[Available data]:
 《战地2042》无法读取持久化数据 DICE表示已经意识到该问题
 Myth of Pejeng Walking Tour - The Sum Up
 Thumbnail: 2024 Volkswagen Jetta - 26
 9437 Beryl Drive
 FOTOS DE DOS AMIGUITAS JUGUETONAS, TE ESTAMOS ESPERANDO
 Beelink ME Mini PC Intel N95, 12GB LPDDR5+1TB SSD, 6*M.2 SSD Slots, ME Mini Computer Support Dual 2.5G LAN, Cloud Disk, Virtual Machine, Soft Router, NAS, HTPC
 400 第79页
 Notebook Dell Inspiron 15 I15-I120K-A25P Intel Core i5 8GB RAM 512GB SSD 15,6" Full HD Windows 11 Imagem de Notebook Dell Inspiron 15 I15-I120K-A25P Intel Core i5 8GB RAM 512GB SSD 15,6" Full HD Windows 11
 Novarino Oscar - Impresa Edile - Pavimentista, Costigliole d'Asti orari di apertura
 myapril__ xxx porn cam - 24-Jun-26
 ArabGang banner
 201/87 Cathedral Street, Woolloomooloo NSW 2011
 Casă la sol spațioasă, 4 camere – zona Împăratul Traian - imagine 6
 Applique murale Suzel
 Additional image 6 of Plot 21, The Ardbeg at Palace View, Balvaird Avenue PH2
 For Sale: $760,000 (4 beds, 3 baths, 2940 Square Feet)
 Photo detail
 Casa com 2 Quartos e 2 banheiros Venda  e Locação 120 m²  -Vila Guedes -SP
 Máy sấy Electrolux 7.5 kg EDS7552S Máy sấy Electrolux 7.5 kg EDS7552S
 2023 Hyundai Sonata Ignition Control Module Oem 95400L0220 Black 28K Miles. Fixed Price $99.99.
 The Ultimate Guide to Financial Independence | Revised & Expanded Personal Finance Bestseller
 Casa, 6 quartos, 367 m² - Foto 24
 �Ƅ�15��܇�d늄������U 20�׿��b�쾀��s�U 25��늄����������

[Work order]:
How many lines in the records hold the string "Casa"? Answer with only that number.

[Response area]:
2